Visualize tree-plot#
def tree_plot(
self, labels, figsize: Tuple[int, int] = (7, 7), annotate: bool = True
):
"""
plot a tree plot based on output from calculator / n_closest / analogy.
Parameters
----------
labels : list
output from calculator / n_closest / analogy.
visualize : bool
if True, it will render plt.show, else return data.
figsize : tuple, (default=(7, 7))
figure size for plot.
Returns
-------
embed: np.array, 2D.
labelled: labels for X / Y axis.
"""
[22]:
word = 'anwar'
result = word_vector_news.n_closest(word=word, num_closest=8, metric='cosine')
data = word_vector_news.tree_plot(result)
<Figure size 504x504 with 0 Axes>

[23]:
word = 'anwar'
result = word_vector_wiki.n_closest(word=word, num_closest=8, metric='cosine')
data = word_vector_wiki.tree_plot(result)
<Figure size 504x504 with 0 Axes>

Visualize social-network#
def network(
self,
word,
num_closest = 8,
depth = 4,
min_distance = 0.5,
iteration = 300,
figsize = (15, 15),
node_color = '#72bbd0',
node_factor = 50,
):
"""
plot a social network based on word given
Parameters
----------
word : str
centre of social network.
num_closest: int, (default=8)
number of words closest to the node.
depth: int, (default=4)
depth of social network. More deeper more expensive to calculate, big^O(num_closest ** depth).
min_distance: float, (default=0.5)
minimum distance among nodes. Increase the value to increase the distance among nodes.
iteration: int, (default=300)
number of loops to train the social network to fit min_distace.
figsize: tuple, (default=(15, 15))
figure size for plot.
node_color: str, (default='#72bbd0')
color for nodes.
node_factor: int, (default=10)
size factor for depth nodes. Increase this value will increase nodes sizes based on depth.
[24]:
g = word_vector_news.network('mahathir', figsize = (10, 10), node_factor = 50, depth = 3)

[25]:
g = word_vector_wiki.network('mahathir', figsize = (10, 10), node_factor = 50, depth = 3)
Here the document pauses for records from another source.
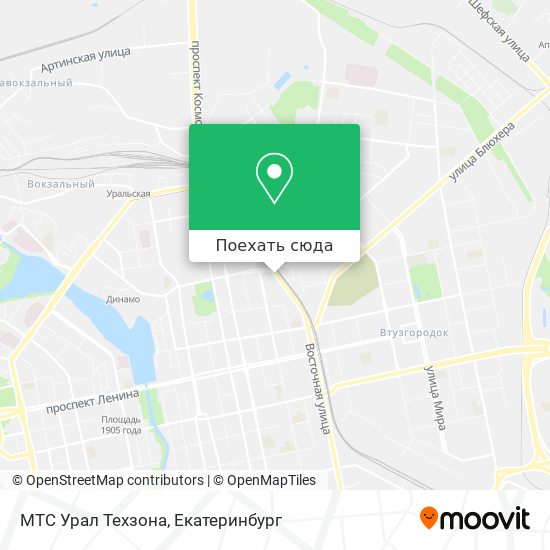 Карта МТС Урал Техзона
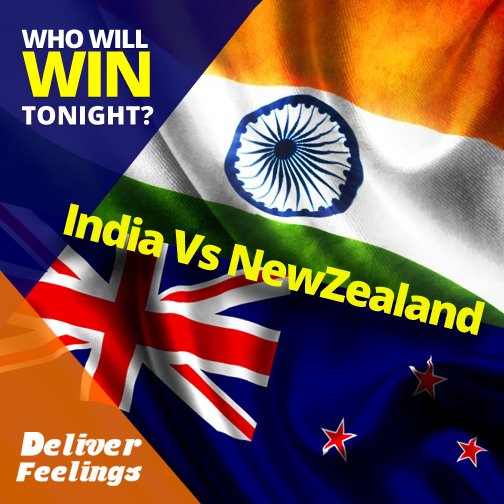 deliver_feeling's tweet photo. #ContestAlert #Predict2Win #DeliverFeelings
Who will win tonight’s T20 ICC World Cup Match?
#IndVsNZ https://t.co/3KZxPouhvr
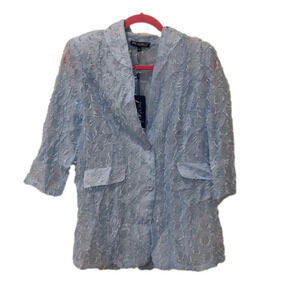 Picadilly NWT light blue textured blazer, medium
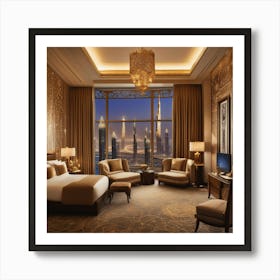 Dubai Hotel Room Art Print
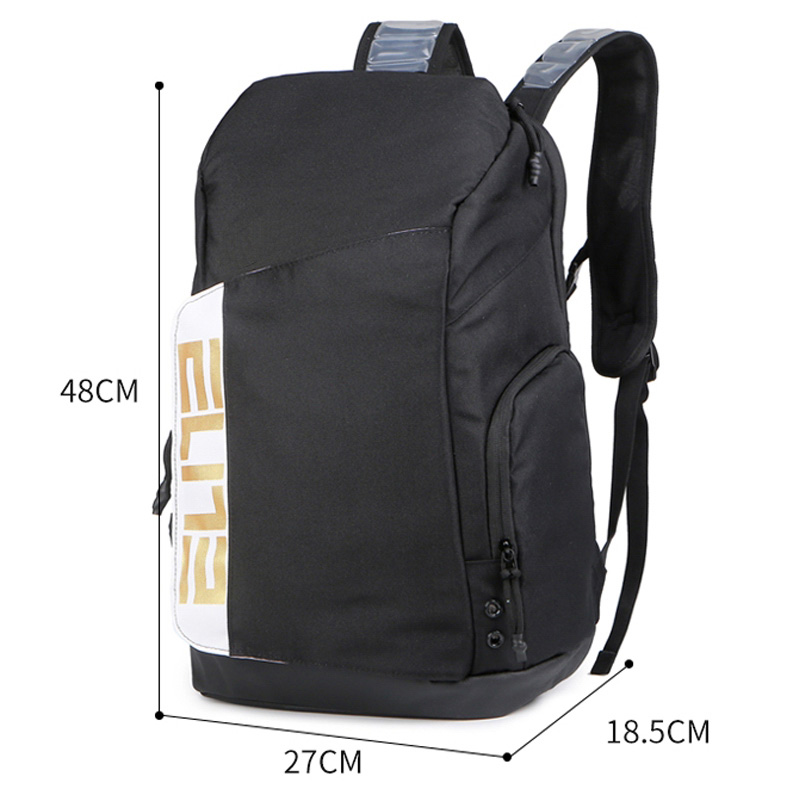 2024 UNISEX Elite Pro Backpack Max Air Spall Spall Basketball Back Back Borse Sports Bags Borse School Bianco nero grigio #28912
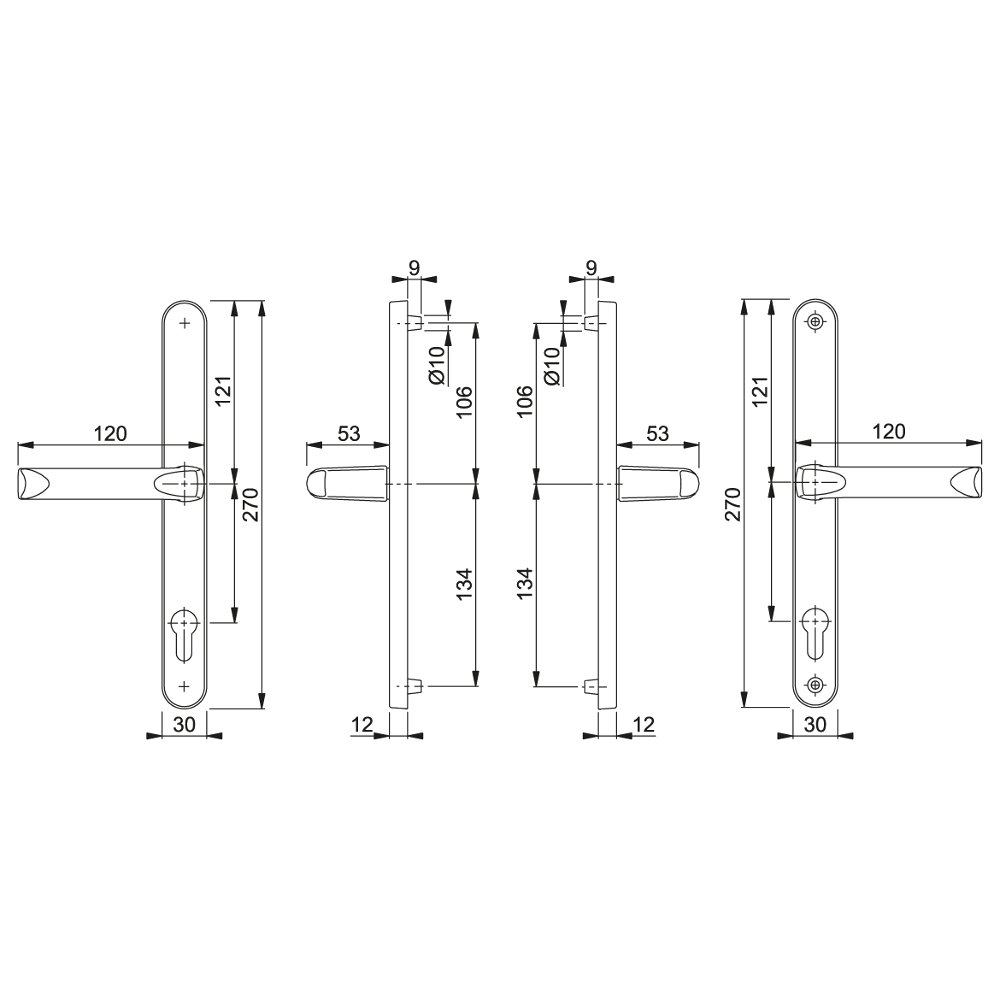 HOPPE UPVC Lever Door Furniture 113/3620N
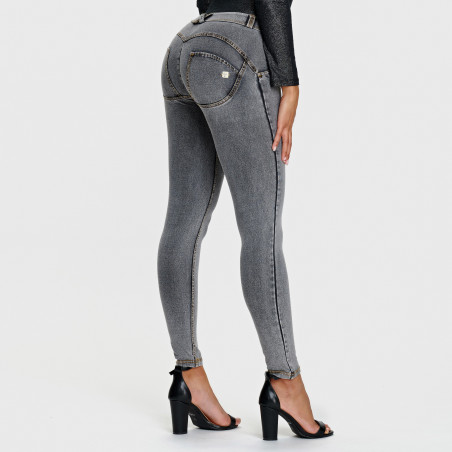 WR.UP® Eco - Denim Effect - Regular Waist Super Skinny - J3Y - Grey Denim - Yellow Seam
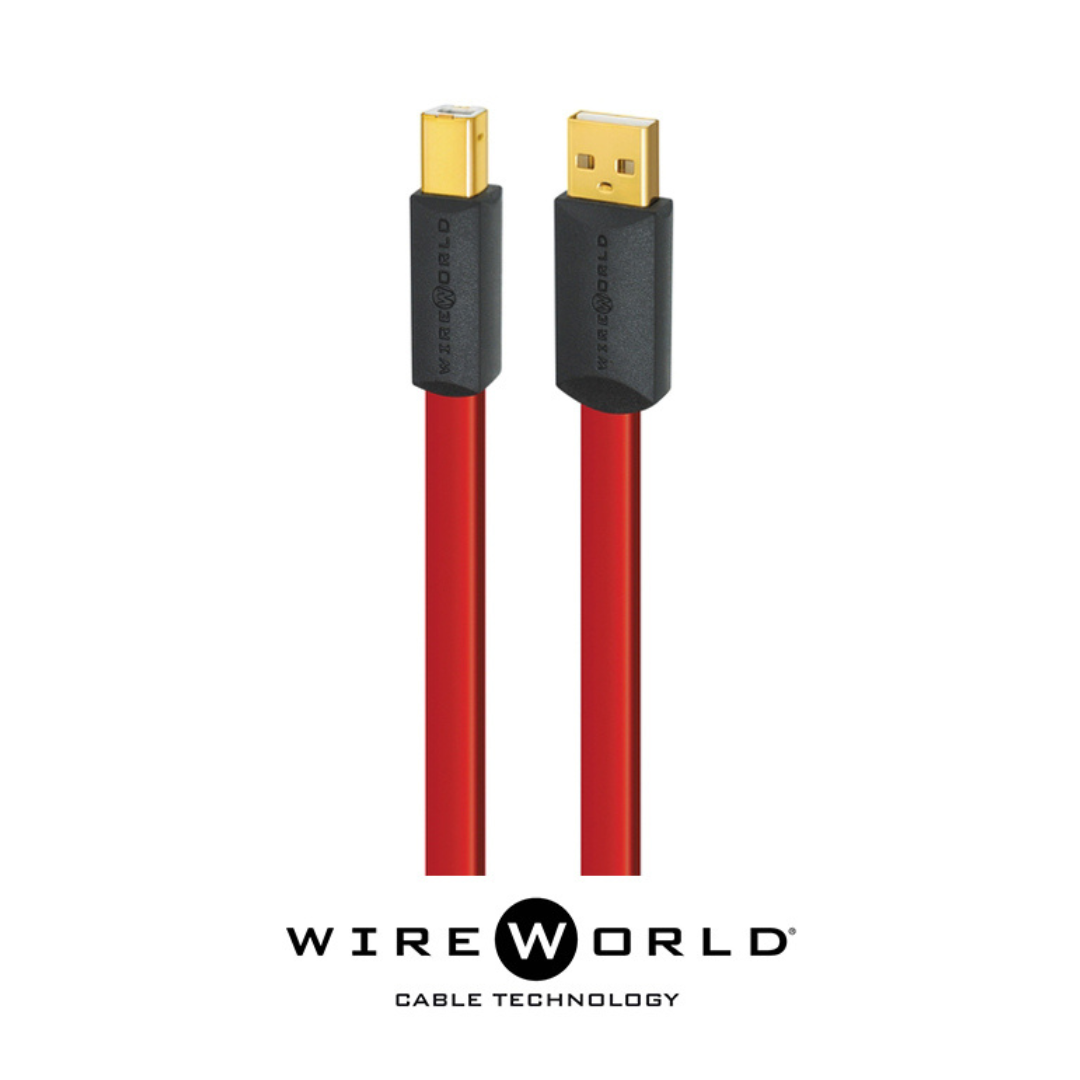 Wireworld Starlight 8 USB 2.0 A to B Audio Cable 1 Meter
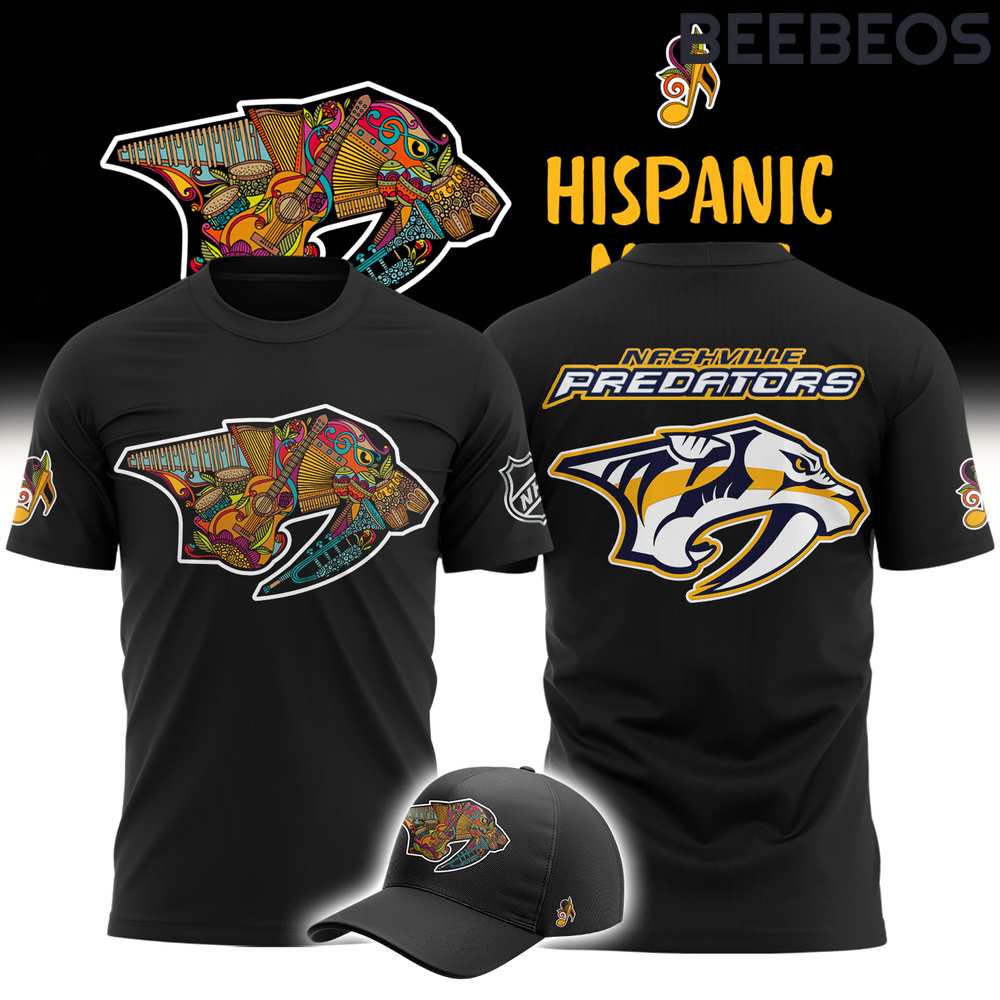 Nashville Predators x Hispanic Music Heritage Night T-Shirt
Get embedding from a word#
def get_vector_by_name(
self, word: str, soft: bool = False, topn_soft: int = 5
):
"""
get vector based on string.
Parameters
----------
word: str
soft: bool, (default=True)
if True, a word not in the dictionary will be replaced with nearest JaroWinkler ratio.
if False, it will throw an exception if a word not in the dictionary.
topn_soft: int, (default=5)
if word not found in dictionary, will returned `topn_soft` size of similar size using jarowinkler.
Returns
-------
vector: np.array, 1D
"""
[28]:
word_vector_wiki.get_vector_by_name('najib').shape
[28]:
(256,)
If a word not found in the vocabulary, it will throw an exception with top-5 nearest words
[26]:
word_vector_wiki.get_vector_by_name('husein-comel')
---------------------------------------------------------------------------
Exception Traceback (most recent call last)
<ipython-input-26-0460b04adbfb> in <module>
----> 1 word_vector_wiki.get_vector_by_name('husein-comel')
~/Documents/Malaya/malaya/wordvector.py in get_vector_by_name(self, word)
127 raise Exception(
128 'input not found in dictionary, here top-5 nearest words [%s]'
--> 129 % (strings)
130 )
131 return self._embed_matrix[self._dictionary[word]]
Exception: input not found in dictionary, here top-5 nearest words [husein, husei, husenil, husen, secomel]